In a useful and straightforward study, Lasse A. Kivioja, professor emeritus of Geodetic Sciences at Purdue University, provides a model of the universe intended to educate anyone interested in understanding the Earth’s place in the universe and its relation to the Sun, planets, and galaxies.
Kivioja’s unique approach eschews written resources and encourages the use of the Internet as a primary resource for research into questions regarding Earth and space. In his first chapter, Kivioja provides a list of useful Web sites for earth sciences, and in each subsequent chapter he suggests sites that address the questions raised.
His aim in the book is simply to present factual information regarding the existence of the Earth, its solar system, and the role they play in human existence. He writes, “…we do know that the universe exists, this Earth exists and that we do exist here…The aim of this book is to report the outlines of the latest general findings and knowledge about this Earth, ‘our’ Solar System and the universe.”

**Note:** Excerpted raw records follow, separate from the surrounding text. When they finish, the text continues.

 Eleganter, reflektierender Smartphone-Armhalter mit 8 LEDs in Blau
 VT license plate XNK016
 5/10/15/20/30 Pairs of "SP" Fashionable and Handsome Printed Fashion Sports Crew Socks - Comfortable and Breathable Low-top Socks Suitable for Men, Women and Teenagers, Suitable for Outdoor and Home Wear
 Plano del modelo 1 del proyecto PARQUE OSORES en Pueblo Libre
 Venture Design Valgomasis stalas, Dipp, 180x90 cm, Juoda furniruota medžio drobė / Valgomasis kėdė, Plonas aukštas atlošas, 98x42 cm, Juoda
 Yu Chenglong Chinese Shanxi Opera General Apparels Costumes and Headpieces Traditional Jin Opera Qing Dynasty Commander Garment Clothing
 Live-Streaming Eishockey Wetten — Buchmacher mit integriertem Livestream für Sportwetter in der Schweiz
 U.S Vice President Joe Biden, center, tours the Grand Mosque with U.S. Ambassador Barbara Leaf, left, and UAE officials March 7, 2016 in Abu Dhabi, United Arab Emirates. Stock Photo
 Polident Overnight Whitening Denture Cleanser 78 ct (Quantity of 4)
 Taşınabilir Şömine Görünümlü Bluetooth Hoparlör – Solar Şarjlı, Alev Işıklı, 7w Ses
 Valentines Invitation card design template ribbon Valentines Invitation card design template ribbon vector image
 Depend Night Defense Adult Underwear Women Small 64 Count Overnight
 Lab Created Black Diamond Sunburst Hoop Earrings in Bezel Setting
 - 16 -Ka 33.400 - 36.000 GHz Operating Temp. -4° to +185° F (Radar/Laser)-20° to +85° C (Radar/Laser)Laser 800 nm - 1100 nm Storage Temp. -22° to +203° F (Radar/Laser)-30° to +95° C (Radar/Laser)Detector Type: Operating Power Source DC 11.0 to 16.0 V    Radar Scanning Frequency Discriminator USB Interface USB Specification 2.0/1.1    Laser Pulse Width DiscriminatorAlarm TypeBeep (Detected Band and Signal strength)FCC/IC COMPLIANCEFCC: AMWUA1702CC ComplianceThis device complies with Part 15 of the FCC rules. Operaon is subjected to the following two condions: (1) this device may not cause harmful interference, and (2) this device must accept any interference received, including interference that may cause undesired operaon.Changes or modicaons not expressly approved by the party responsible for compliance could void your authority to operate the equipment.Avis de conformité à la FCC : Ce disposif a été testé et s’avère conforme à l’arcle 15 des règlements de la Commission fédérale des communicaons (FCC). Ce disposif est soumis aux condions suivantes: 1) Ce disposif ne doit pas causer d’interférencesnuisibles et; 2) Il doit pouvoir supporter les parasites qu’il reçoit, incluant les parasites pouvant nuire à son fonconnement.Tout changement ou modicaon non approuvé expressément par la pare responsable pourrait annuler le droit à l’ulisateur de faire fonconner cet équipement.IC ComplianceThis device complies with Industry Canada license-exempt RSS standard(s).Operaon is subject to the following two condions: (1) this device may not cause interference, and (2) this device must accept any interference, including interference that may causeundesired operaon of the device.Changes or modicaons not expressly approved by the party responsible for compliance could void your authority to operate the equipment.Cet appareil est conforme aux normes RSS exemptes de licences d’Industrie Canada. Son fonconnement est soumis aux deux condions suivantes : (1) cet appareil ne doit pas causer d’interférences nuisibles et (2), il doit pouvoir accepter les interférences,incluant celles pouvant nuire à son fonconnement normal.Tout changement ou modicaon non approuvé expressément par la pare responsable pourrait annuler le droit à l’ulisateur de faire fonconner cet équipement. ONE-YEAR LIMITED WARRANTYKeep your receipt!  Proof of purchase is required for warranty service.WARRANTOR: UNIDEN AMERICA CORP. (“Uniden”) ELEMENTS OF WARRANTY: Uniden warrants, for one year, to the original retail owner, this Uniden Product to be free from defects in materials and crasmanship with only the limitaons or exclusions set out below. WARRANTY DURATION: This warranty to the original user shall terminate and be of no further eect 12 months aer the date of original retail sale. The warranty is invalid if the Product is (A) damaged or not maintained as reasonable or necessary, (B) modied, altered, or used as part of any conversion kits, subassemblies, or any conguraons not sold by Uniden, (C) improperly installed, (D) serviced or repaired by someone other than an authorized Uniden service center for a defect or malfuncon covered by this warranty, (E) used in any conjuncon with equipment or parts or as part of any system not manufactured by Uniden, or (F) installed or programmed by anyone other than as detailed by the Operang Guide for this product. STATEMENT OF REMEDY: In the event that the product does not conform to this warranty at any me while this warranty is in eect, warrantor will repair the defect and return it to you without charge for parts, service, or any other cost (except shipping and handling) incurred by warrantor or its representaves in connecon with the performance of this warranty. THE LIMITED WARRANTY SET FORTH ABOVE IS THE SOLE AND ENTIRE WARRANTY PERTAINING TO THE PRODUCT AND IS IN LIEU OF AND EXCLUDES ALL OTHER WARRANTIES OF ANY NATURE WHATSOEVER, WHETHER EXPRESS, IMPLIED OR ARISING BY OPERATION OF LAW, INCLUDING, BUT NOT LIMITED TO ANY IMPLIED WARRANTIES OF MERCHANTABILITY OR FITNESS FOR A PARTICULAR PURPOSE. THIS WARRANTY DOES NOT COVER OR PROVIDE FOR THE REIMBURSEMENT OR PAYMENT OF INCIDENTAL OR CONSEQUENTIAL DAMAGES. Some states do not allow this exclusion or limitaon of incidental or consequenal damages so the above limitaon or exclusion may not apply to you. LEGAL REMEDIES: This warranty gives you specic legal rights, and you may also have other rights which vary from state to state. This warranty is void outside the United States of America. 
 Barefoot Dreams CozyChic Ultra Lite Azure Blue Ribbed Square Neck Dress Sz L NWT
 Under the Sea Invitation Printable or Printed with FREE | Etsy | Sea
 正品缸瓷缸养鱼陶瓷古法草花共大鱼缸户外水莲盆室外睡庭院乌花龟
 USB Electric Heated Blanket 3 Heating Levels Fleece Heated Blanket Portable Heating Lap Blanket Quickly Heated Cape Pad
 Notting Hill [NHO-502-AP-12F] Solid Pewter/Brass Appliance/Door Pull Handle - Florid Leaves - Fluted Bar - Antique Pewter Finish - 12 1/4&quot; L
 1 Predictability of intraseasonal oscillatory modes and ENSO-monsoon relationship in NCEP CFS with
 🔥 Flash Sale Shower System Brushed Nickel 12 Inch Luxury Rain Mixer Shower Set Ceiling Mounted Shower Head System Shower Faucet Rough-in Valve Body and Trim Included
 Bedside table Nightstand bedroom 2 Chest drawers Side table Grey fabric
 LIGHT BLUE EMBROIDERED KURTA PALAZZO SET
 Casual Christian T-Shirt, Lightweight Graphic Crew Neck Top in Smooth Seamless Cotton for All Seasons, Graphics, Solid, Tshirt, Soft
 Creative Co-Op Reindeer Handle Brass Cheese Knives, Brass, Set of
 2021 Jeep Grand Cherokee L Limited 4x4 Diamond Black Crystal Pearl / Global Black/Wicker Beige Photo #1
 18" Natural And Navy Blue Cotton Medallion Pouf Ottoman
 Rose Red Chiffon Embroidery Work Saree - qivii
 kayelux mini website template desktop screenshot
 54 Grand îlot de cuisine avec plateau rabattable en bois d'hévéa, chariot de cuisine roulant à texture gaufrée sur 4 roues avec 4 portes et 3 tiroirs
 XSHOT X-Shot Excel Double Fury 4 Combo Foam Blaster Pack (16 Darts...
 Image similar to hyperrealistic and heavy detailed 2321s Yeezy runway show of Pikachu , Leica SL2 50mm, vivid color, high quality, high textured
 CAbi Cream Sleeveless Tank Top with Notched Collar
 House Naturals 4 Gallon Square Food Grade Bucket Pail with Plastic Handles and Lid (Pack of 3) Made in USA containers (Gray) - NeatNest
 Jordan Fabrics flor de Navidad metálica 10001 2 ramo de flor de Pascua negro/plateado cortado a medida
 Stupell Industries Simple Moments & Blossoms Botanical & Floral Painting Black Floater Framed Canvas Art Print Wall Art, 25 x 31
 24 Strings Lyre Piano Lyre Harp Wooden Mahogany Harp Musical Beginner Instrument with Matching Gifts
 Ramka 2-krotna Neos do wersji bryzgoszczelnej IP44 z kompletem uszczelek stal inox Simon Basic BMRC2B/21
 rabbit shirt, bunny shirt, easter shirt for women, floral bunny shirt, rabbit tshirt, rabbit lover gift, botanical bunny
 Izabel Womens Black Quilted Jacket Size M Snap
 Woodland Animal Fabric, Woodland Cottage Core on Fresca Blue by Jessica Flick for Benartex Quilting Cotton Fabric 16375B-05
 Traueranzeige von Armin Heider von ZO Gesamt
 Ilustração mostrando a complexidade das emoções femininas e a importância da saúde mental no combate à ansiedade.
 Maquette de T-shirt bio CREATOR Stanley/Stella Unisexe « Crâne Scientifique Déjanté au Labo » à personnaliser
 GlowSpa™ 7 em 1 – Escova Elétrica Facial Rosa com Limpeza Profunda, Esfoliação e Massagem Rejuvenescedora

In great detail, Kivioja covers a wide variety of topics including star constellations, possible alien visits to the Earth, the Sun’s location in the Milky Way, the size and shape of the Milky Way galaxy, and some details of Earth’s motions, tides, time, oceans, atmosphere, and global warming, and global cooling.
Using boldface print to emphasize key points, Kivioja presents information about earth science in simple and memorable form. For example, in his chapter about tides, he points out that “ Earth’s tides originate from Earth’s daily spinning (rotation) around its N-S spin axis in the gravitational pulling fields of the Moon and Sun.“ He goes on to observe that the “tidal effects of the Moon are approximately twice as large as the Sun’s because the Sun is about 417 times further away from us than the Moon.” Kivioja then recommends looking up the phrases “sun’s mass” and “mass of the moon” on Google to learn more about these celestial bodies and their effects on the tides.
Although Kivioja attempts to simplify earth science, his reliance on detailed mathematical figures makes the book less accessible to the average reader than it might have been. In addition, focus on the Internet as a source of information is limited, since Web sites come and go and the authority of their information is not always clear. Kivioja’s book could have been even more useful if he had included a bibliography of written sources.
The author believes that the Earth is special place that has evolved over generations to be the most suitable planet in the known parts of the Milky Way for humans to inhabit. This book, inspired by his love of the earth sciences, offers an engaging study of the past and future of the planet.